■ What you are asked to do
Exercise in exact copying: restate word for word only the lines below from the one containing "Полиция задержала мужчину, стрелявшего" through the one containing "DIAMOND BASEBALL SHADOW BOX SIGNED BALLS", omitting any pictures.

■ Given data
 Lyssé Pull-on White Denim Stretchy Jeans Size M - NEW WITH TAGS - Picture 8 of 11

...

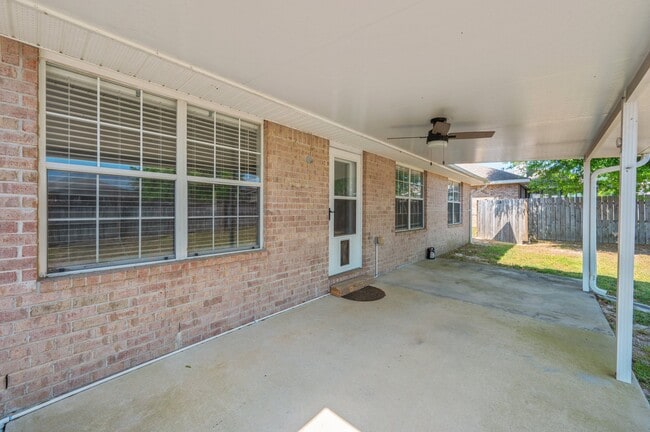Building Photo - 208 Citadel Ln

...

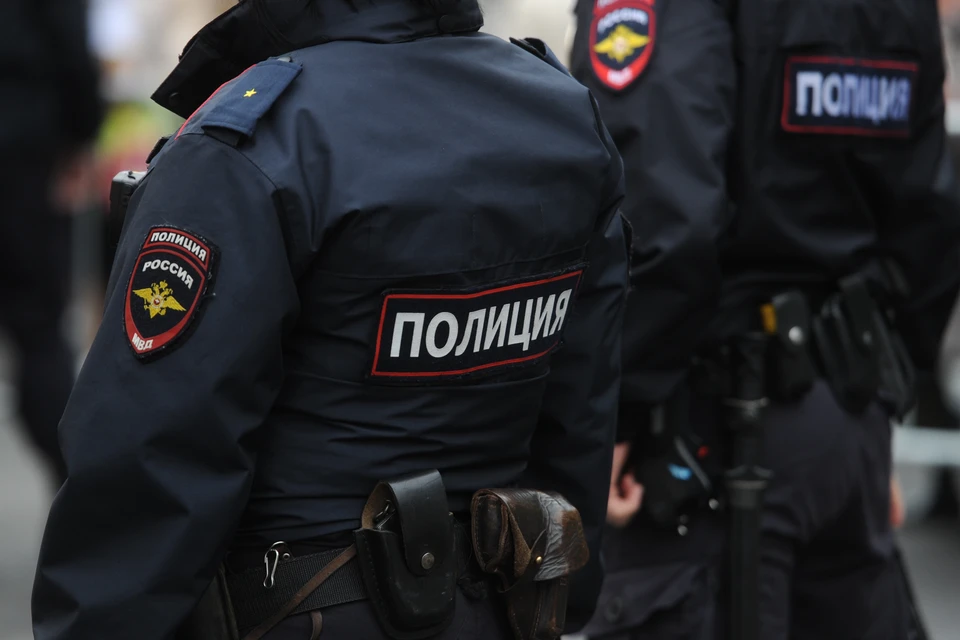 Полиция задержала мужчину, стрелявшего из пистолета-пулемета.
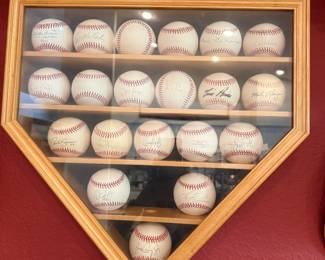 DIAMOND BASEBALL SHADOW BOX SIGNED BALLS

■ Task answer
 Полиция задержала мужчину, стрелявшего из пистолета-пулемета.
 DIAMOND BASEBALL SHADOW BOX SIGNED BALLS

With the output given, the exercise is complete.